In “Claire,” department store salesman Bailey Long shows up on the doorstep of his ex-wife’s apartment to borrow yet another thousand dollars to gamble away. She clearly still loves him, but in the way ex-lovers never fully stop loving. For Bailey, however, the loss of Claire still gashes. Claire is a symbol—“the only thing that ever happened to him in his whole life.” And Bailey’s the type of guy to which much happens. He plays casino blackjack all night, drinks too much, skips work, maxes out seven credit cards, and can’t even enjoy the moment when he wins big.
There was no way he was going to be able to sleep with all that brand new money. There was something disappointing about it, anyway. It was like being a kid and doing something spectacular about which no one cared, like getting all the way home through the woods without ever touching the ground, or hitting a home run in an empty park, when it didn’t count.
It’s four in the morning when he goes back to Claire’s apartment to repay her loan. He’s blown off dinner with her and her much younger fiancé. It’s clear that Bailey has returned not to get square with Claire but to win her back. Sadly, like the casinos Bailey frequents, Claire has other plans.
In her white outfit, in the soft morning light, she didn’t look so much uncomprehending as horribly indifferent. She shrugged. “I got older.”
Bailey stood up. “All that time, the time we were together, when I was a lowlife, a slacker, every goddamn day, it was electric. Something wonderful was coming. I remember how wonderful stuff at the grocery store was, those Rubbermaid things and the little hardware display and funny vegetables. Then I got a job and a nice fat salary.” He turned his palms up and gave her a puzzled look. “All gone,” he said.
There’s a throwback quality to Barthelme’s stories. His settings are American, but not particularly specific, beyond the repetition of strip malls, empty parking lots late at night, and starving, stray cats. His prose is clipped, realist, Carver-esque. His characters believe in wonder and beauty that often doesn’t exist in their lives. They believe in a generalized Shangri-La that their bleak situations don’t seem to justify. That friction between one’s hopes and one’s reality sparks the humanity in Barthelme’s work—his respect for the small, but significant desires of the wounded.

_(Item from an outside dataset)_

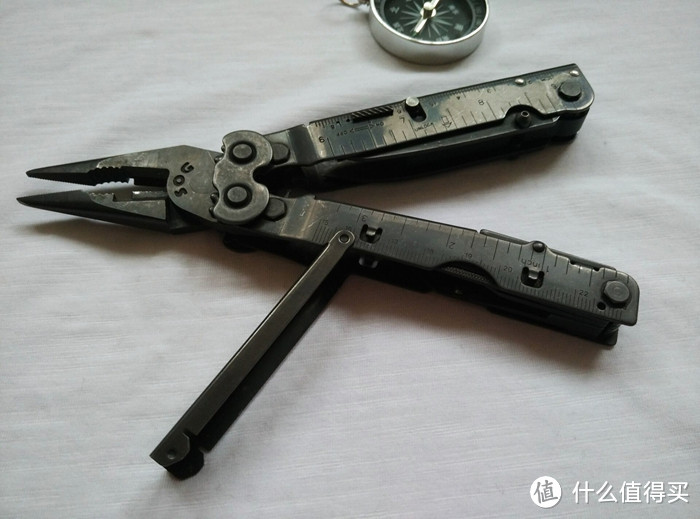 拆弹部队中所使用的工具钳——SOG 索格 B61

In “Interview,” Terry Quinn quits a well-paying job at a law firm, abandons his life in Atlanta, and drives a thousand miles back to Texas. He stays in a motel while he searches for a new life, a new identity. At a party, he meets a captivating woman, who gives him a lead to a job at a car repair shop, where, to his surprise, Quinn finds that new life. In “Hush Hush,” Tilden, a twice-married bank manager, is visited by a beautiful, adult daughter he’s never met. All attitude, sparkling black hair, and clingy short dresses, she’s looking for a place to stay, looking to destroy Tilden’s contented, but sad and lonely routines. His feelings for his daughter become increasingly complex, sexual and paternal, and by the end, it’s Tilden’s heart, not his daughter’s, that’s breaking.

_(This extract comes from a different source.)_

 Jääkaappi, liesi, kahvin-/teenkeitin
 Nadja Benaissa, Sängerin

In 1997, Barthelme and his brother Frederick published the gambling memoir Double Down: Reflections on Gambling and Loss, which tells the tale of the $250,000 inheritance the brothers gambled away in Mississippi riverboat casinos. A gambler’s compulsions are on display in Hush Hush. Characters are named Quinn in several, unrelated stories. Charming, younger women beguile unhappy, older men. Barthelme’s narrators befriend stray cats as if there’s an unsecured animal shelter in every strip mall. These tics don’t intertwine the stories or elevate the collection. Instead, they make the collection feel narrower in scope, like variations of a single short story.
Still, Hush Hush more than deserves its own place on the mantle of celebrated contemporary short fiction collections. Firmly realist, Steven’s work is distinct from his influential literary brothers Donald and Frederick. Hush Hush references a 1960 blues song by Jimmy Reed about there being too much noise, but this collection is anything but muted in its attention to the secret suffering of Americans more likely to lose than to win.